Hello! Who are you and what do you do?
My name is Lisa Stubbs and I’m an artist.
Printmaking is my main medium which I use to illustrate children’s books, greeting cards, create prints and cards to sell online and through galleries and I teach creativity through process.
Did you study a creative subject? If so, what and where?
I originally studied graphic design for four years at Batley Art College before working as a designer in an innovations studio for a greeting card company.
I found myself loving the illustration side of my job and left to be a freelance illustrator, going on to study a visual communication degree specialising in illustration at Leeds Uni.
But I’d like to add that I’m constantly studying and taking courses to inspire and inform my creative practice as it evolves. There are so many wonderful resources online, especially in these times, many free and you never know what new technique you’ll learn to inspire your work down another creative path.
What printmaking techniques do you work with?
The process of layering colours and textures is usually the starting point to most of my work which screen printing is perfect for. I also love monoprinting using an etching press.
During lockdown times my access to screen printing equipment has been limited so I’ve been experimenting with drypoint etching using Tetrapaks and also learning to translate my images in lino print.
What inspires you?
Playing with the actual process of printing itself is incredibly inspiring. Learning new ways of creating images through happy accidents, mistake making and experimenting can lead me to new creative discoveries. Some of my most rewarding work and best ideas come this way from giving myself permission to play.
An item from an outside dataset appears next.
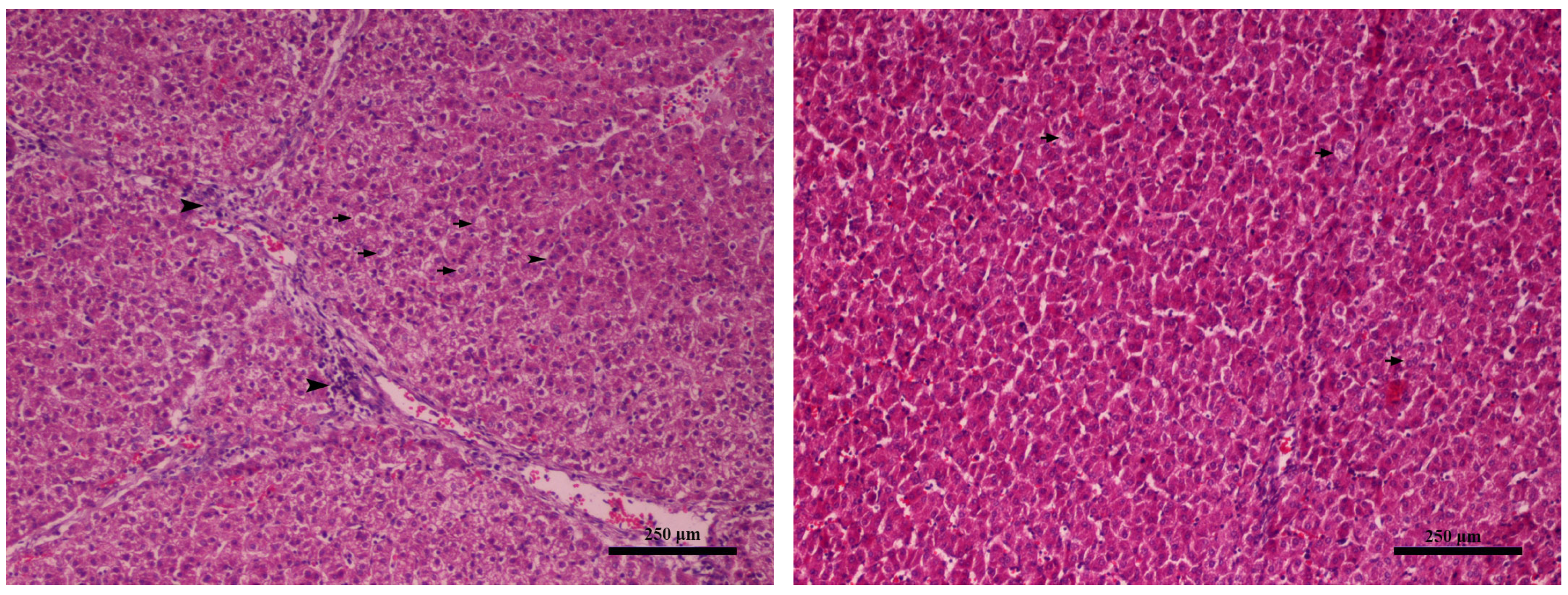 Toxins 16 00168 g001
Visually I’m inspired by vintage children’s book illustrations, my Yorkshire roots and retro fabrics for interesting colours, an old scarf in an Oxfam shop can have the colour combination I’ve just been looking for!
Name 3 great things about your job.
The ‘Tadaaa’ moments of printmaking, the revealing of the print is still exciting to me. When the hard work and lessons of mistake making all pay off!
The letters from Children and parents who have enjoyed sharing my books and taken the time to get intouch, always fills me up with purpose and pride.
The creative community and wonderful customers which are so amazingly supportive.
Wrapping up prints to post and thinking, Wow, someone has parted with their hard earned cash to buy my work and is now going to display it up on their wall to enjoy it for years to come, just fantastic, what an honour.
Oh that’s more than three, I could go on…!
What top tip would you have for a young creative?
Give yourself time to play, walk towards the edges of your creative comfort zone and step over to take risks every now and then.
Experiment, don’t pigeonhole yourself, be open minded to new ways of realising your ideas. Don’t take criticism personally, it’s all subjective, if you believe in your work someone else will too, the trick is to find them. See setbacks as opportunities, connect and put the work in.